Personal information
- Nationality: Spain
- Born: Lester Alcides Lescay Gay 15 October 2001 (age 24) Cuba

Sport
- Sport: Track and Field
- Event: long jump

Medal record
Men's athletics
Representing Spain
European Indoor Championships
| Bronze medal – third place | 2025 Apeldoorn | Long jump |

= Lester Lescay =

Cuban athlete

Lester Alcides Lescay Gay (born 15 October 2001) is a Cuban-born-Spanish athlete who competes in the long jump. From January 2025 he competes for Spain. He was a bronze medalist at the 2025 European Athletics Indoor Championships.

==Biography==
He won the silver medal in the long jump at the 2017 IAAF World U18 Championships in Nairobi, Kenya, finishing behind teammate Maikel Vidal. He won gold at the 2018 Summer Youth Olympics long jump competition in Buenos Aires, Argentina with a jump of 7.79 metres. Later that year, and still aged 16 years-old, Lescay achieved a new personal best of 7.91 meters in Havana.

He made a 8.28m jump on the 23 February 2020 in Camagüey. It was the fourth longest men's senior outdoor long jump worldwide in 2020. It placed him tenth on the Cuban all-time list, as well as the sixth overall for an under-20 athlete of-all-time.
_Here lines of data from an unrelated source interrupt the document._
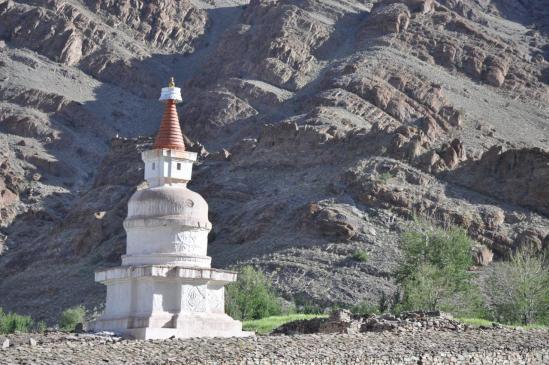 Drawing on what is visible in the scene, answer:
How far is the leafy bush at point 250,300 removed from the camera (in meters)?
62.1

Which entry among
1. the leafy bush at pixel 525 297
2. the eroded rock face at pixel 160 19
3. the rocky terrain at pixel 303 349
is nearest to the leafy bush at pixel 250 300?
the leafy bush at pixel 525 297

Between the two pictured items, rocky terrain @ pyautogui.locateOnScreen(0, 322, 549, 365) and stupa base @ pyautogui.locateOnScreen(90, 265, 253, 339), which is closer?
rocky terrain @ pyautogui.locateOnScreen(0, 322, 549, 365)

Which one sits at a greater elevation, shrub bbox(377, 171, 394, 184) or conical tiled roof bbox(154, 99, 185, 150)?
shrub bbox(377, 171, 394, 184)

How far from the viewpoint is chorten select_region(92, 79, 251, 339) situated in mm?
38938

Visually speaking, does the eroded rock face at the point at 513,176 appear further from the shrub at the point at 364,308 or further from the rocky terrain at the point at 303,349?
the rocky terrain at the point at 303,349

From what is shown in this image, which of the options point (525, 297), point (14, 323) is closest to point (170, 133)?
point (525, 297)

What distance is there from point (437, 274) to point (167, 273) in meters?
24.3

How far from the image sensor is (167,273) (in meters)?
39.0

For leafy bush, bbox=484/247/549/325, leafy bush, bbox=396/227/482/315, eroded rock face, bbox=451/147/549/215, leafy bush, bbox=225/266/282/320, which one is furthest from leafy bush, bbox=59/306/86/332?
eroded rock face, bbox=451/147/549/215

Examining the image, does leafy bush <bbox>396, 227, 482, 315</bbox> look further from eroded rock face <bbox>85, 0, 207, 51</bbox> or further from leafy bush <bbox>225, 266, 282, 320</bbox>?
eroded rock face <bbox>85, 0, 207, 51</bbox>

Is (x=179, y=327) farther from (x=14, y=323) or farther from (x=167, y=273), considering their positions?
(x=14, y=323)

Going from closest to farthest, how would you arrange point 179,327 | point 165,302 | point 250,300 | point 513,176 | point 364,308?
1. point 179,327
2. point 165,302
3. point 250,300
4. point 364,308
5. point 513,176

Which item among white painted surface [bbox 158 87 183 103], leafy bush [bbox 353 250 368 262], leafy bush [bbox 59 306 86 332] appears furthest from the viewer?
leafy bush [bbox 353 250 368 262]

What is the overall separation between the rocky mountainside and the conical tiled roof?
2941cm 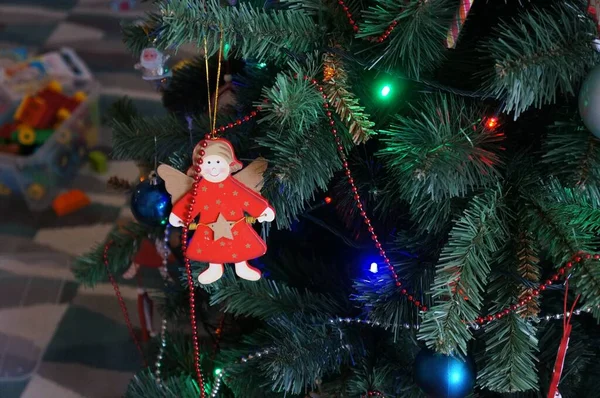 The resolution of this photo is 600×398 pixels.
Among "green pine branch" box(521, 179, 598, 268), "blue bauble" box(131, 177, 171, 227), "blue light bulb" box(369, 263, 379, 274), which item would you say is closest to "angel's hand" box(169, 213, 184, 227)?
"blue bauble" box(131, 177, 171, 227)

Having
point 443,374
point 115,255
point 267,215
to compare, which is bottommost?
point 443,374

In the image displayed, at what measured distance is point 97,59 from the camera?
180 cm

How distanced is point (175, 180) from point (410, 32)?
24 centimetres

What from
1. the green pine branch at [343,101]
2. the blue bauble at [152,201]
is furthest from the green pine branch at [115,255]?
the green pine branch at [343,101]

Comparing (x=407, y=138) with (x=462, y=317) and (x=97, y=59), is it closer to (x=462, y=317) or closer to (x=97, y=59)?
(x=462, y=317)

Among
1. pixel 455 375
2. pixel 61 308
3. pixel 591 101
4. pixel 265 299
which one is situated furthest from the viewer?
pixel 61 308

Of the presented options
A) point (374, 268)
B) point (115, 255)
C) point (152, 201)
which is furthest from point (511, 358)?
point (115, 255)

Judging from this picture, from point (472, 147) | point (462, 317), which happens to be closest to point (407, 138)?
point (472, 147)

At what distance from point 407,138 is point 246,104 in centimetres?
21

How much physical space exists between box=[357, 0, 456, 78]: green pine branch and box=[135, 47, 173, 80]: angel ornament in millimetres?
264

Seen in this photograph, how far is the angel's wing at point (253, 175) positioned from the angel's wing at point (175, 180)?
0.04 m

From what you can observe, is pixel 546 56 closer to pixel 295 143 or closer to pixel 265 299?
pixel 295 143

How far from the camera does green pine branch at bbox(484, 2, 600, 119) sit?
0.45m

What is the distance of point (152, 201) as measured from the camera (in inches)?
26.3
Lescay was included in Cuba's squad for the delayed 2020 Tokyo Olympics in 2021. At the Games, he jumped 7.69 metres without professing through to the final.

He defected from Cuba in 2022 after taking part in a competition in Belgrade, Serbia. He started to compete in Spain for Facsa Playas de Castellón athletics club. He jumped a new personal best of 8.35 meters on June 23, 2024, placing him in sixth position in the overall world rankings for that year.

From January 2025, he was cleared to compete internationally for
Spain. He won the bronze medal in the long jump at the 2025 European Athletics Indoor Championships with a jump of 8.12 metres, just one centimetre behind gold medal winner Bozhidar Sarâboyukov. He finished fourth with a jump of 8.06 metres at the Diamond League event at the 2025 Golden Gala in Rome on 6 June 2025. In September 2025, he competed at the 2025 World Championships in Tokyo, Japan, qualifying for the final and placing eighth overall.

In August 2026, he placed tenth competing at the 2026 European Athletics Championships in Birmingham, England.

==Personal life==
He is the nephew of fellow athlete Mabel Gay. He got married in Spain after defecting from Cuba in 2022.